Source : Le Pressoir
18 juin 2017.

Notes

[1L’Aube dorée a été créée en 1980 d’abord autour de l’édition d’un magazine. Son idéologie est le national-socialisme malgré un visage nationaliste, chrétien, etc. ; ces nazis donc, comptant quelques dizaines de membres, responsables déjà de très nombreuses attaques physiques, montent en puissance à partir des années 1990, profitant de la montée du nationalisme, et entrent au Parlement en 2012 avec 7 % de voix.

[2Les sections d’assaut (SA) de l’AD sont des groupes organisés de façon militaire qui font le « sale boulot », parades diffusant la peur dans les quartiers, attaques contre des immigré·e·s, contre des locaux, des opposants, etc. Un des objectifs des antifascistes depuis 2012 était de briser le mythe de l’invincibilité des SA dans la rue. Une de ces SA est responsable de l’assassinat de Pavlos Fyssas.

[3La loi sur « l’organisation criminelle » fait partie de l’arsenal législatif antiterroriste, utilisée souvent pour inculper et emprisonner des militant·e·s anarchistes et communistes. Avec ce chef d’inculpation l’AD risque une peine plus sévère.

[4À noter que « gauche » en Grèce équivaut à « extrême gauche » en France.

[5Ici, les camarades font référence à la période d’avant l’inculpation de l’AD (fin 2013).

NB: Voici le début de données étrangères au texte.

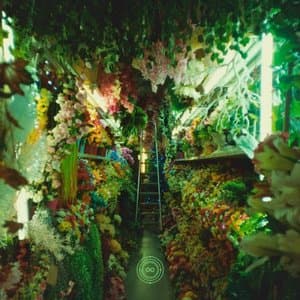 The Year of the Jellyfish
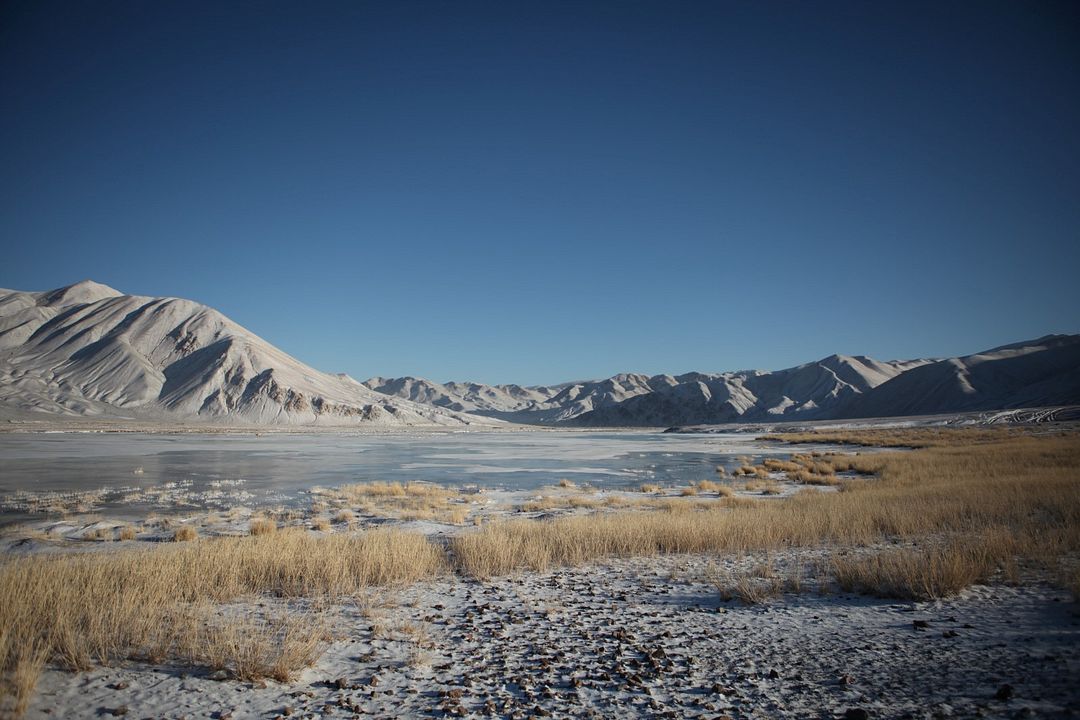 The Eagle Huntress : Bild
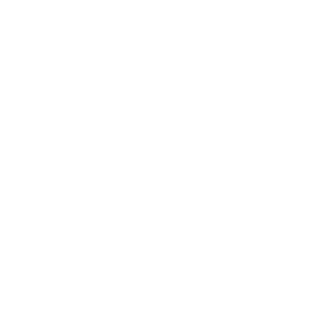 Stefan-SAABTAM's emblem
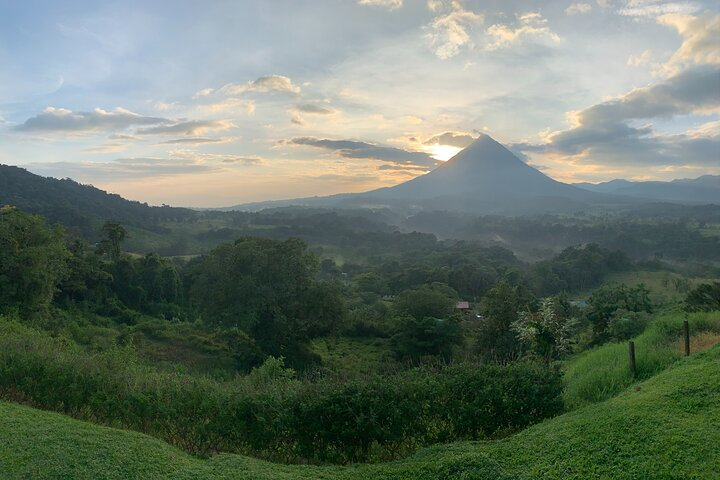 Three hours walking tour around the deep Tropical Rain Forest - Photo 1 of 12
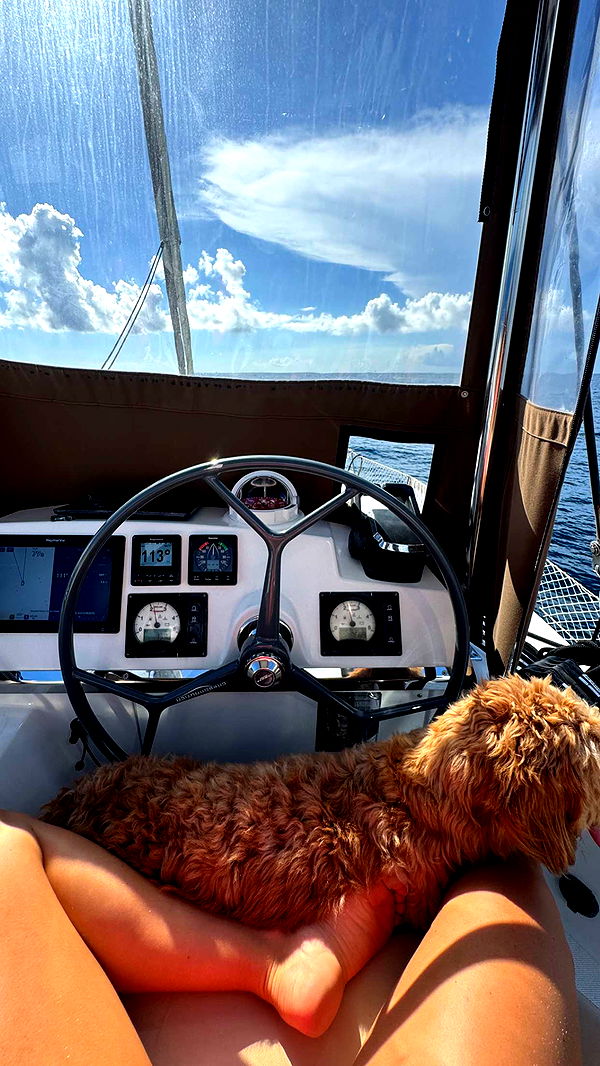 itsnellxoxo image ~ Altpins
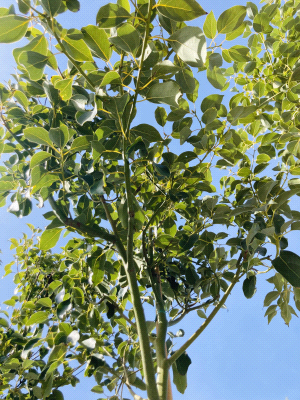 Cinnamomum Camphora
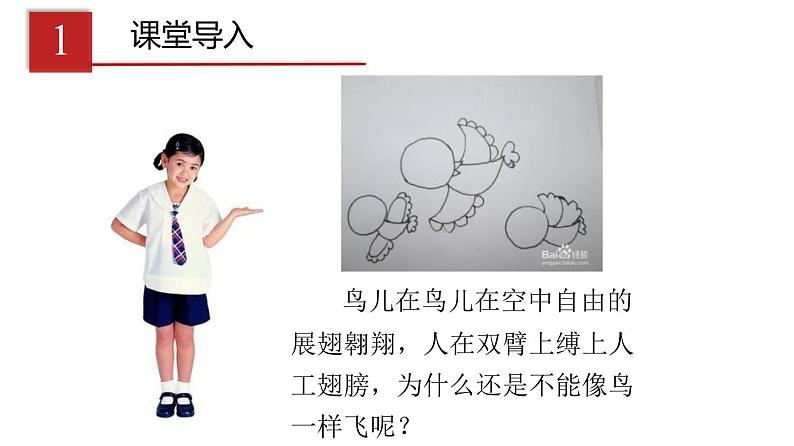 2023-2024学年八年级生物（人教版）上册同步课堂 5.1.6 鸟（课件）第3页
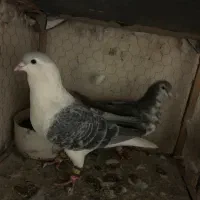 کفتر ساده مگسی|پرنده|مشهد, امیرآباد|دیوار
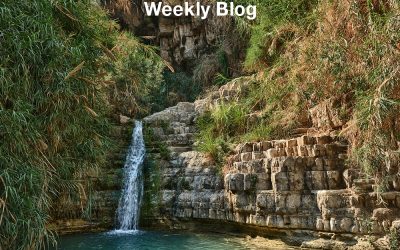 Ein Gedi — An Oasis in the Wilderness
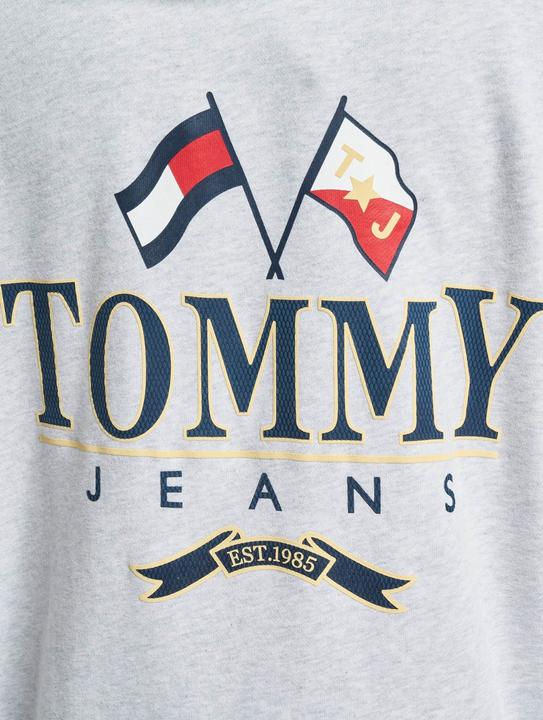Image du produit Tommy Hilfiger Tjm Skater Prep Back Hoodie (M)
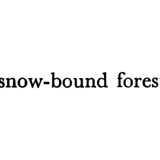 The Woods, Breathing (Texts)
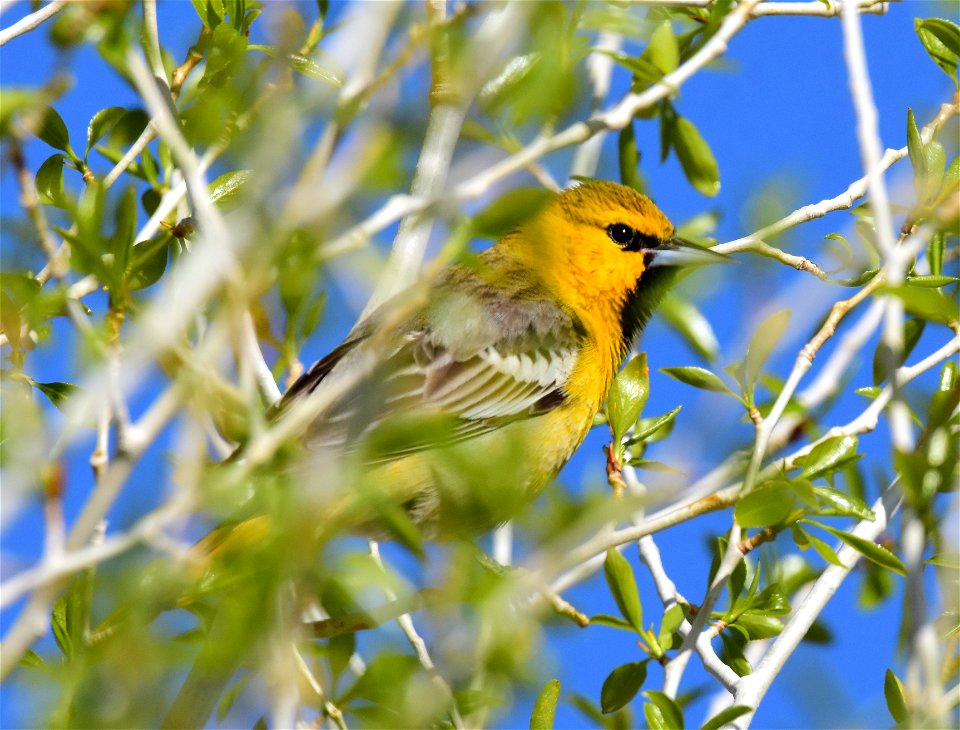 Bullock's oriole at Seedskadee National Wildlife Refuge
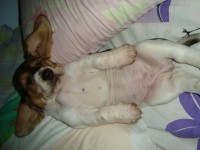 Basset Hound – Lindos filhotes de Basset Hound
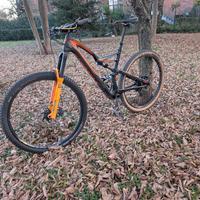 Specialized Stumpjumper Comp Carbon 29 L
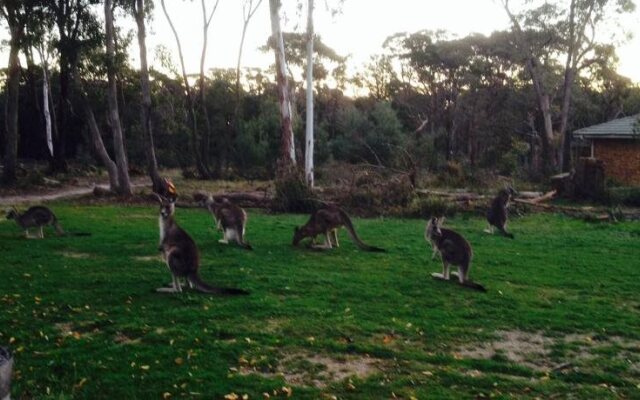 Kyneton Bushland Resort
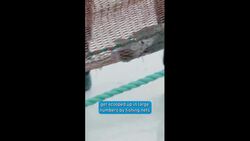 Sharks of the Icy North - Endangered Instructional Video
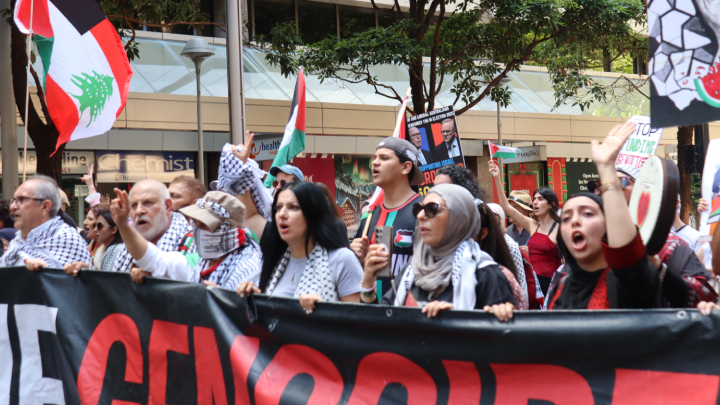 These people have been calling for the end to the mass slaughter of Palestinians by the Israeli state, and despite Jillian Segal’s commentary, these people don’t hurl racial abuse at Jewish people in the CBD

[6Le groupe Musaferat, solidaire des migrant·e·s sur l’île de Lesbos, écrit dans sa présentation qu’il est « contre les centres de rétention car il s’agit de camps de concentration. Qu’on les appelle centre d’accueil ou de premier accueil, de transit ou d’identification, qu’ils soient ouverts ou fermés, ils restent des prisons ».